* [WHAT IS BEING ASKED]: Quote the lines of the data below verbatim, beginning at the line that contains "Idy's burial chamber" and ending at the last line, both included, and excluding pictures.

* [RECORD EXCERPTS]:
Start of Block

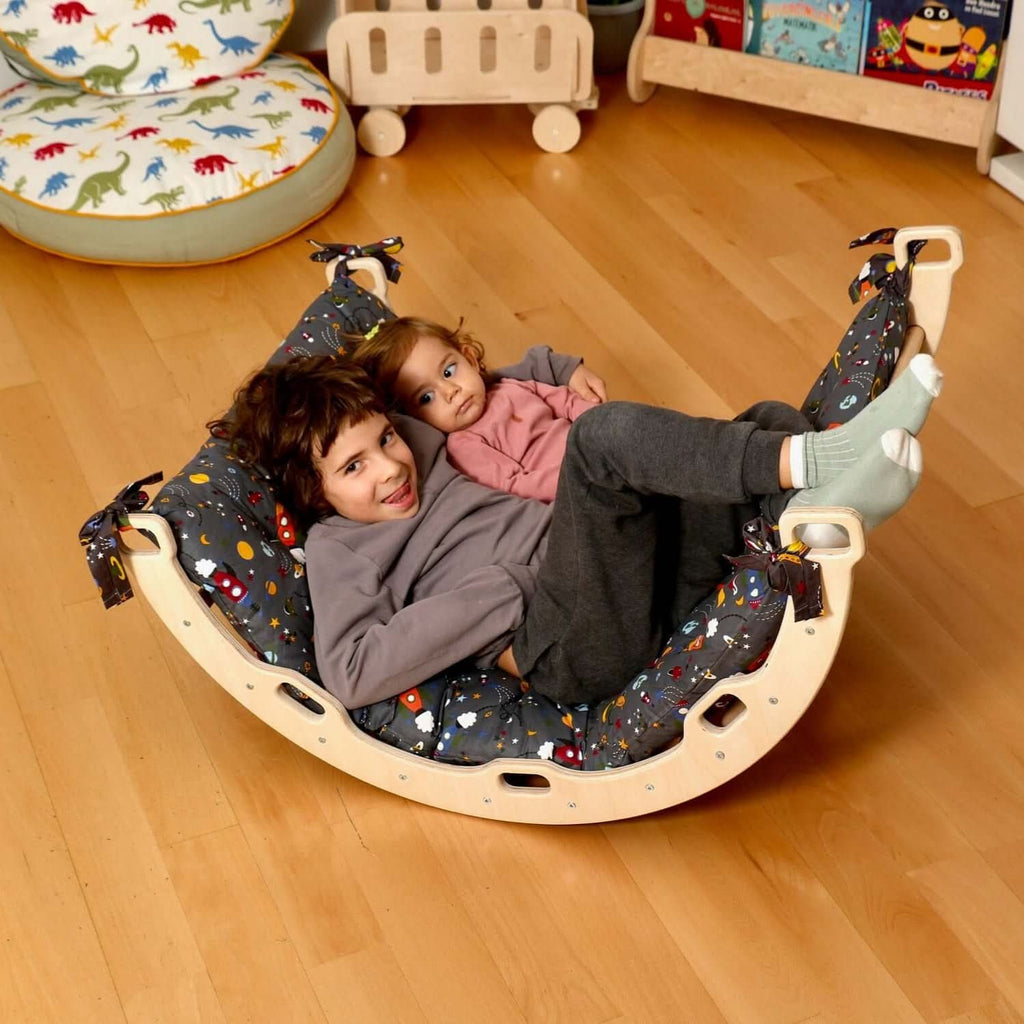 Arco/balancín de escalada Montessori mediano con juego de almohada y rampa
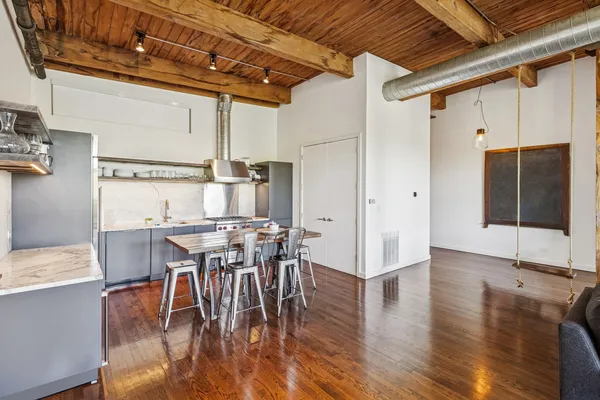 $849,500 | 2201 West Wabansia Avenue, Unit 23, Chicago, IL 60647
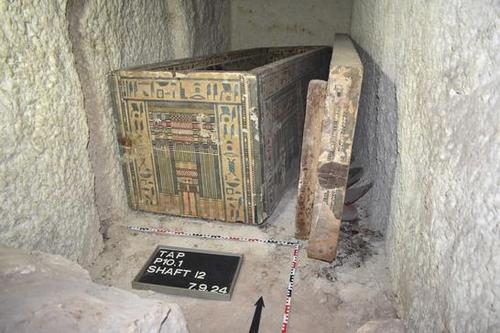 Idy's burial chamber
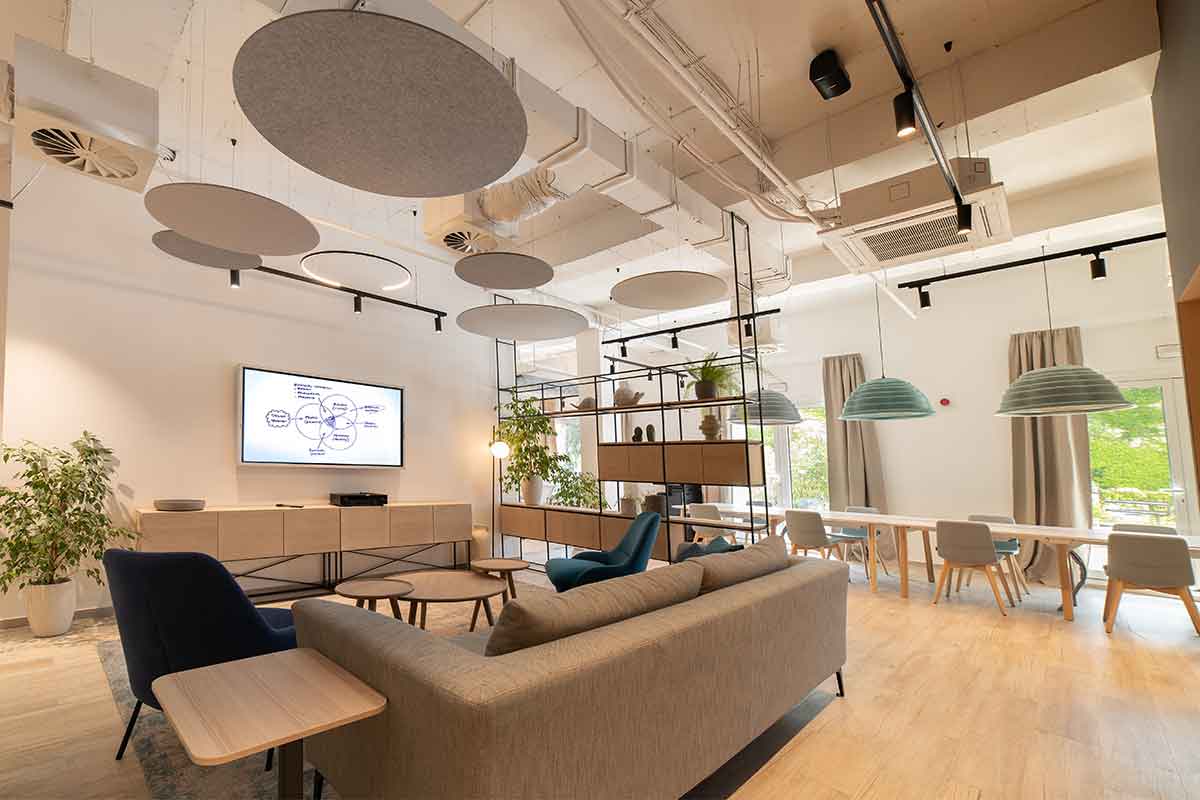 Co-working prostor u Lazure Hotel & Marina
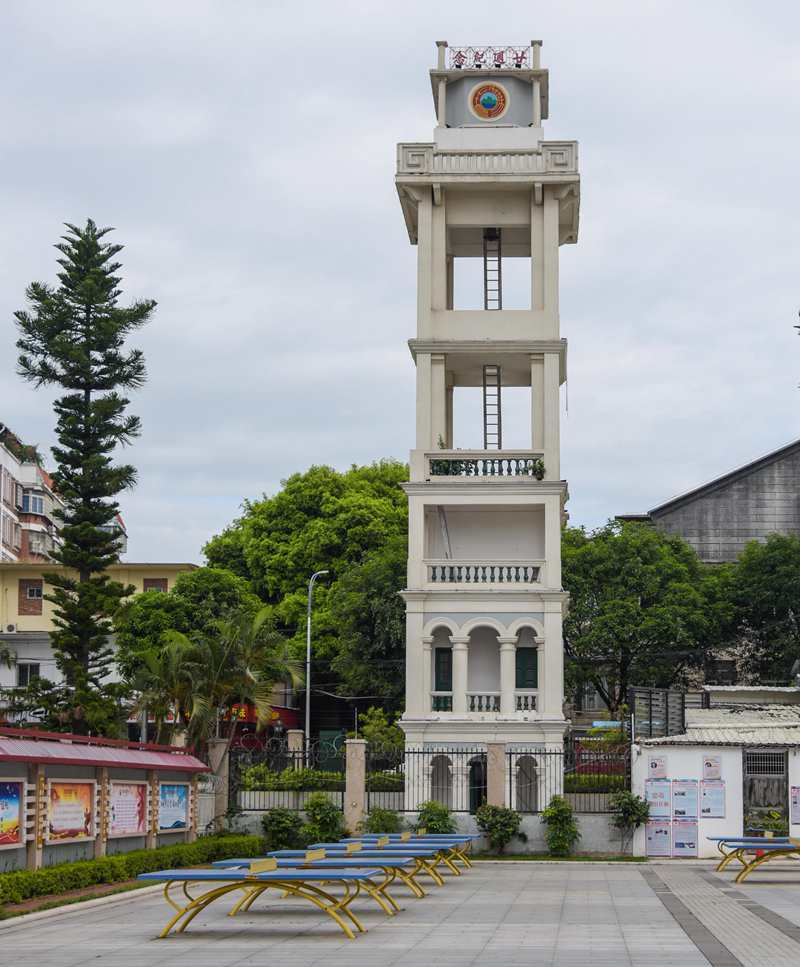 集美学村钟楼(林志杰 摄）.jpg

End of Block

* [EXPECTED ANSWER]:
 Idy's burial chamber
 Co-working prostor u Lazure Hotel & Marina
 集美学村钟楼(林志杰 摄）.jpg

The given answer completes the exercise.